Crawled caption data
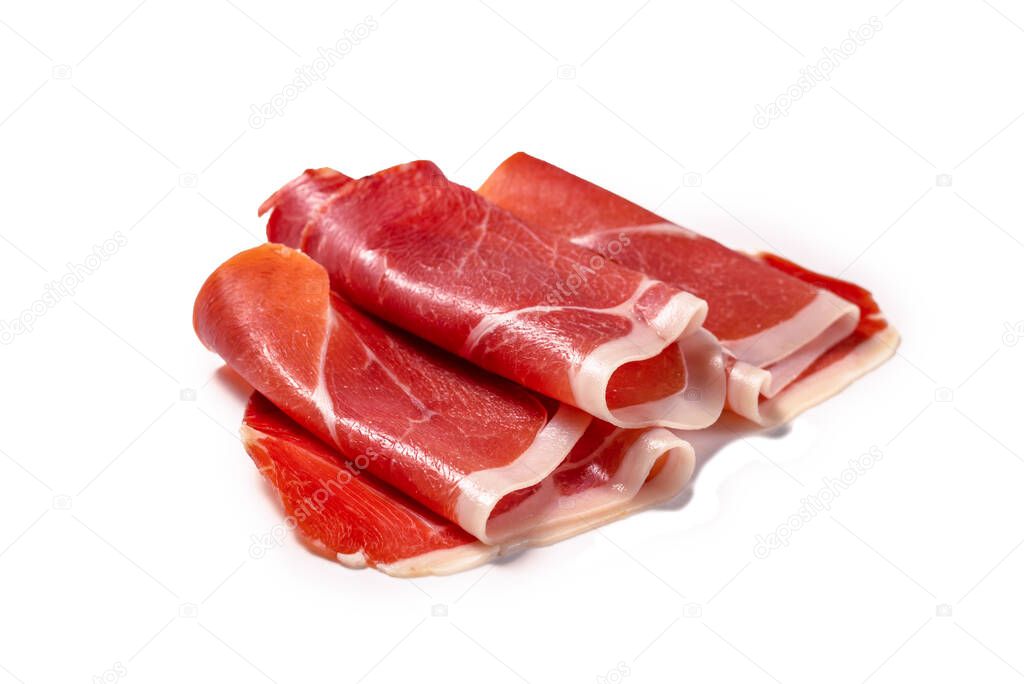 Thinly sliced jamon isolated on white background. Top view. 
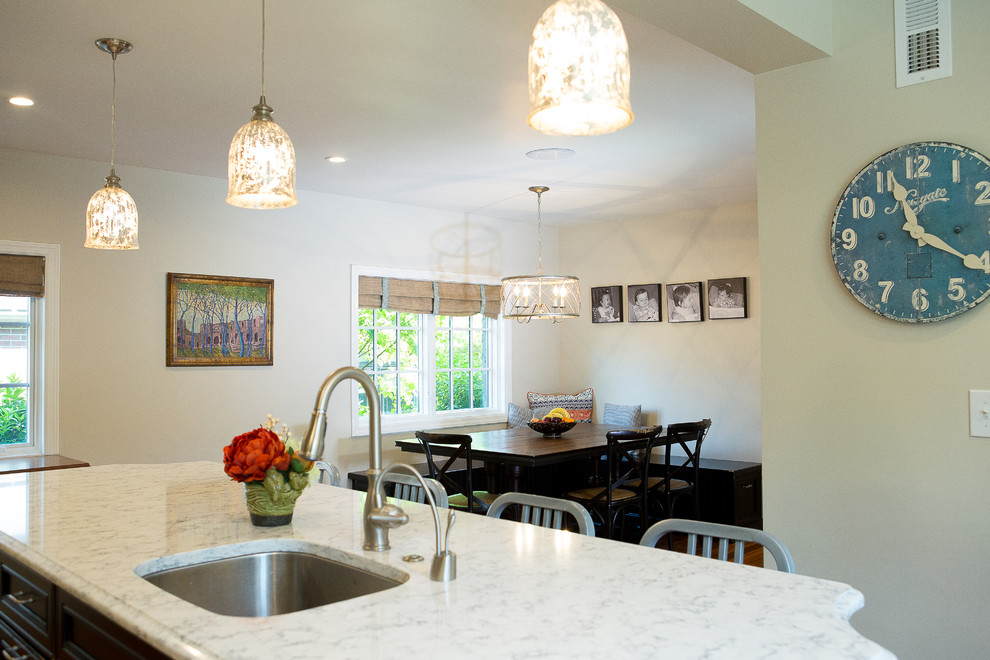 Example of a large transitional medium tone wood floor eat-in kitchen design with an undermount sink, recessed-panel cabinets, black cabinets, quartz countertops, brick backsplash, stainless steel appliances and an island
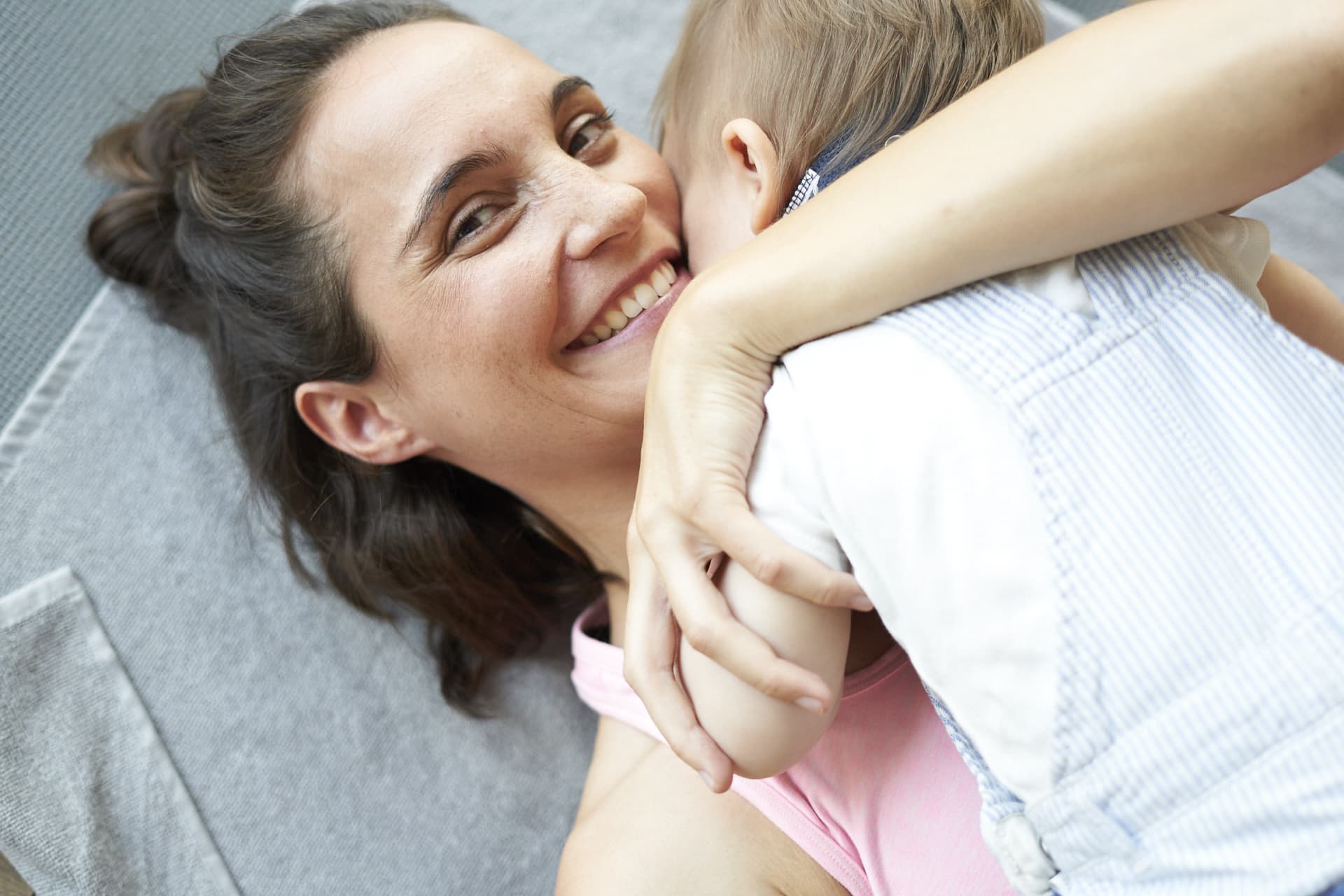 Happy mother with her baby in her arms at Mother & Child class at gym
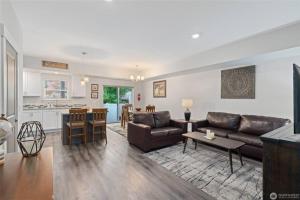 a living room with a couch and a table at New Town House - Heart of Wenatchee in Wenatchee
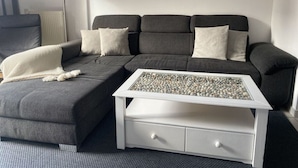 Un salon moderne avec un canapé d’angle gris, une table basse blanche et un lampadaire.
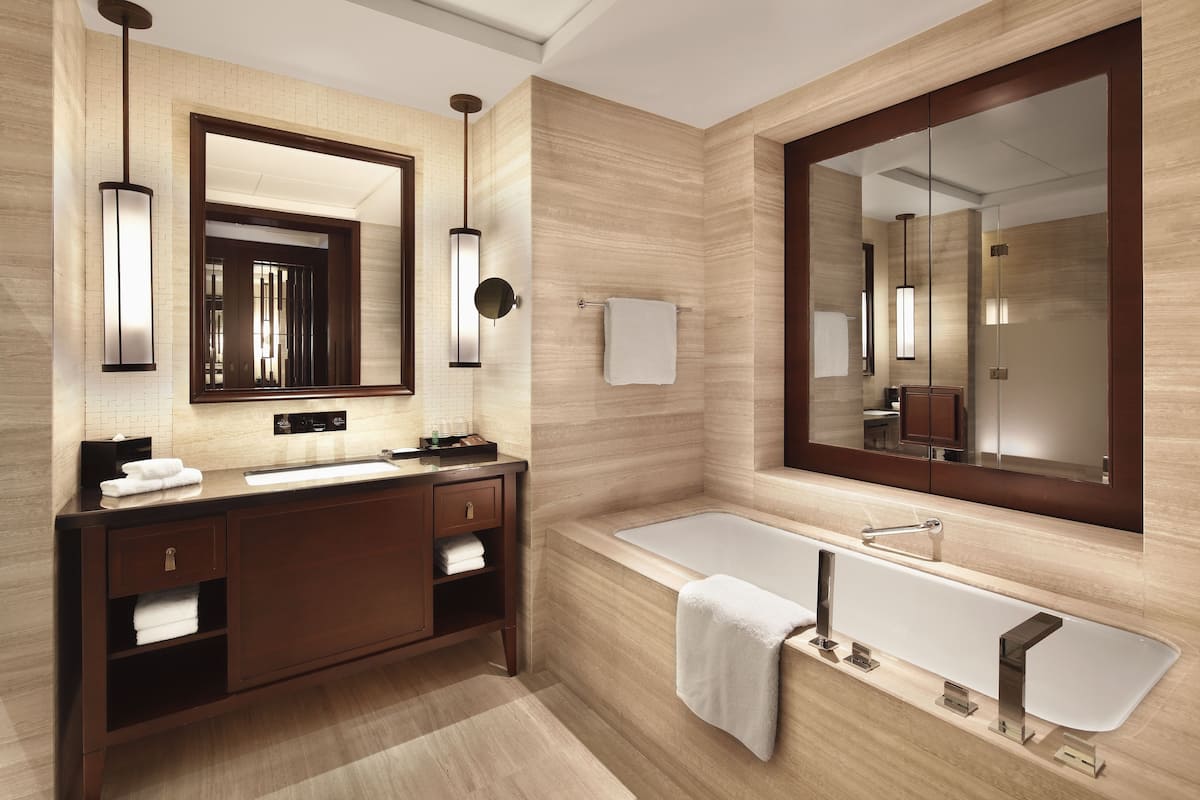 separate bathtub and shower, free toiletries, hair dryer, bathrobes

> _Work request_
Skipping any images, write out all the data exactly.

> _Your solution_
 Thinly sliced jamon isolated on white background. Top view. 
 Example of a large transitional medium tone wood floor eat-in kitchen design with an undermount sink, recessed-panel cabinets, black cabinets, quartz countertops, brick backsplash, stainless steel appliances and an island
 Happy mother with her baby in her arms at Mother & Child class at gym
 a living room with a couch and a table at New Town House - Heart of Wenatchee in Wenatchee
 Un salon moderne avec un canapé d’angle gris, une table basse blanche et un lampadaire.
 separate bathtub and shower, free toiletries, hair dryer, bathrobes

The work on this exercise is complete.